In this exercise, copy exactly the lines from the one that contains "this 1568×706 image." through the end of the entries below; pictures are not copied.

Extracted information
________________________________________

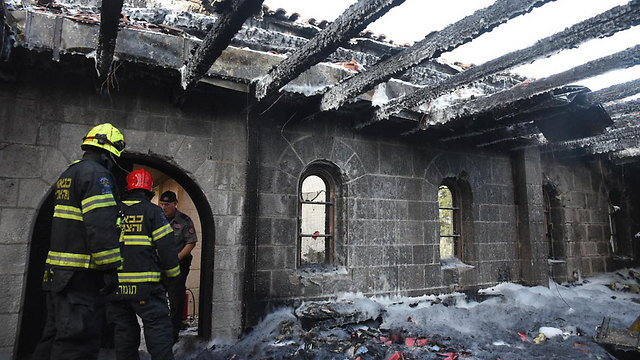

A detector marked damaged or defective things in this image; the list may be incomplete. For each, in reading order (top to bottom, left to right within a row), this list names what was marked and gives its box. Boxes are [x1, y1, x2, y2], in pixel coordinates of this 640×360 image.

burned roof beam [95, 0, 124, 89]
burned roof beam [181, 0, 264, 89]
burned roof beam [254, 0, 404, 101]
burned roof beam [322, 0, 552, 111]
burned roof beam [376, 0, 640, 122]
burned roof beam [424, 44, 640, 128]
burned roof beam [584, 76, 640, 103]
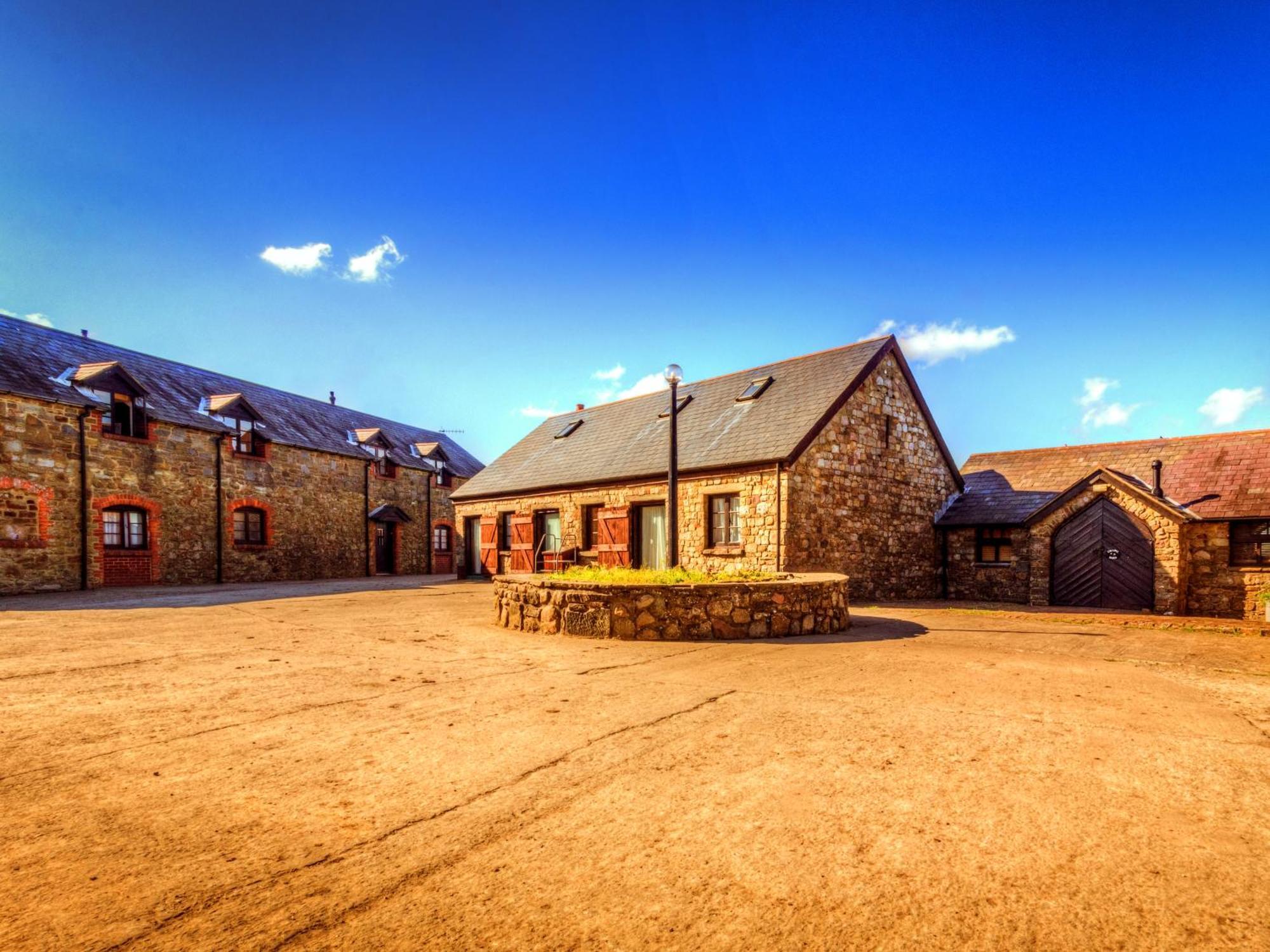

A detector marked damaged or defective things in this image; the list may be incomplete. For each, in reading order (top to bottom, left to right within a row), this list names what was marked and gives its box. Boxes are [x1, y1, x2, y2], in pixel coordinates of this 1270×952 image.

crack in concrete [94, 691, 742, 949]
cracked concrete surface [2, 579, 1270, 949]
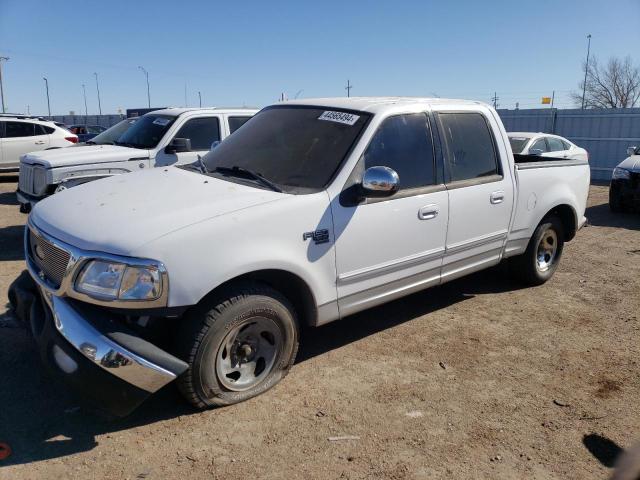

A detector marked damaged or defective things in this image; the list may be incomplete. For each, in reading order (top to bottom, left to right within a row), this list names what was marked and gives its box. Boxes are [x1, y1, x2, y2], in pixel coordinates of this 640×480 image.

damaged front bumper [10, 276, 188, 418]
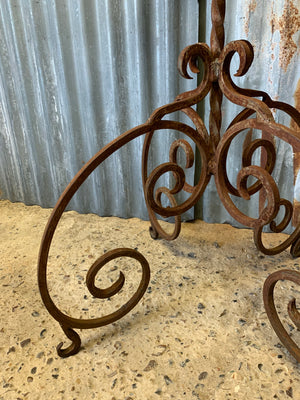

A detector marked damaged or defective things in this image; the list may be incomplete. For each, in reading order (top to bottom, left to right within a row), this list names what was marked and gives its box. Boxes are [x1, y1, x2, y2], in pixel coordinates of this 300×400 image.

weathered rust patina [38, 0, 300, 358]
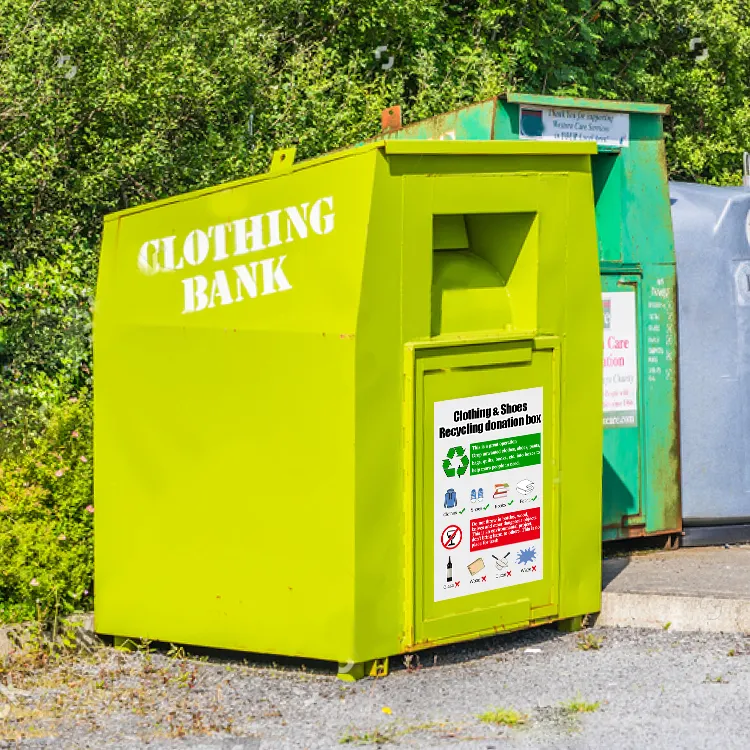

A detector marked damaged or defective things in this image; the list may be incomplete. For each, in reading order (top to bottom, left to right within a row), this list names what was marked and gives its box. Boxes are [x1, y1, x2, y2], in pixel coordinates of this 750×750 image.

rusty green container [384, 94, 684, 544]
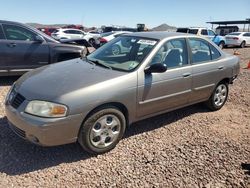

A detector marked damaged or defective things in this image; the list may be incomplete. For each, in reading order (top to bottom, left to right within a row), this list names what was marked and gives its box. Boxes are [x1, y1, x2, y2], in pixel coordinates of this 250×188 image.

damaged vehicle [0, 20, 84, 76]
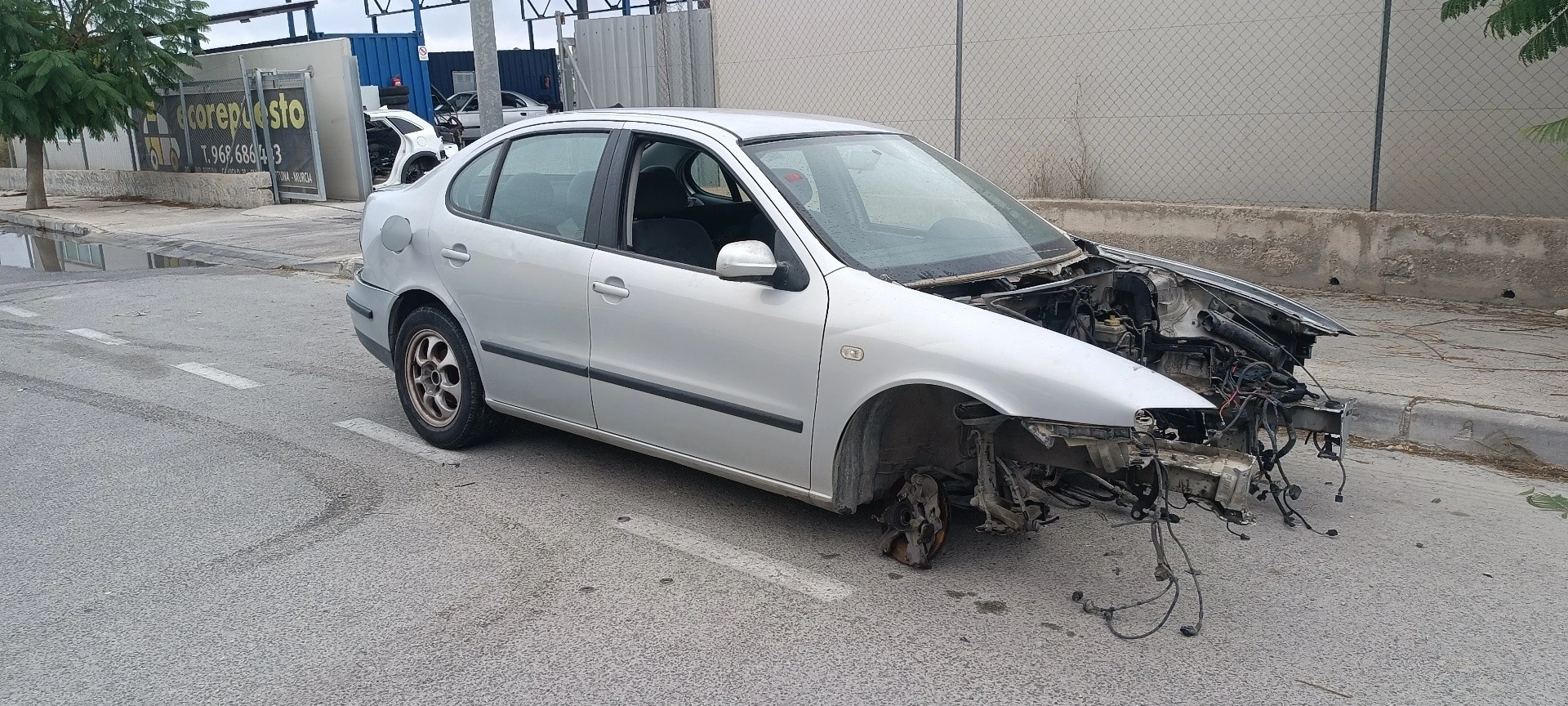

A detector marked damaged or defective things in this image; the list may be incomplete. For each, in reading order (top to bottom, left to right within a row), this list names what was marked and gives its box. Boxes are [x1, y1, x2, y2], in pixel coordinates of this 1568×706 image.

damaged car [350, 111, 1354, 574]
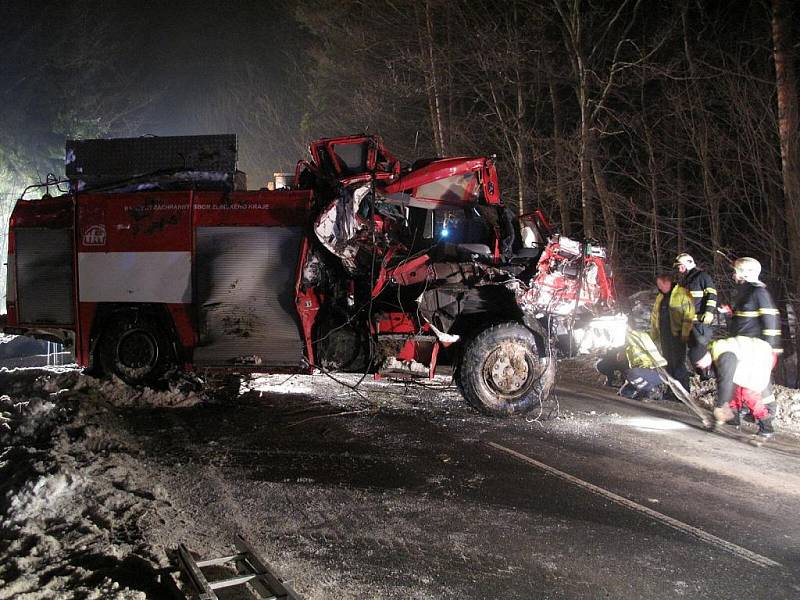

________________________________________

Task response
A detector marked damaged or defective things in this image; the list may be incomplete. For each, in reading order (top to bottom, left to right within a row), this list names what was marked and gives its box. Boxes are [x1, y1, x2, y2], in pixel coordinates of this 1568×706 image.

damaged car [350, 111, 1354, 574]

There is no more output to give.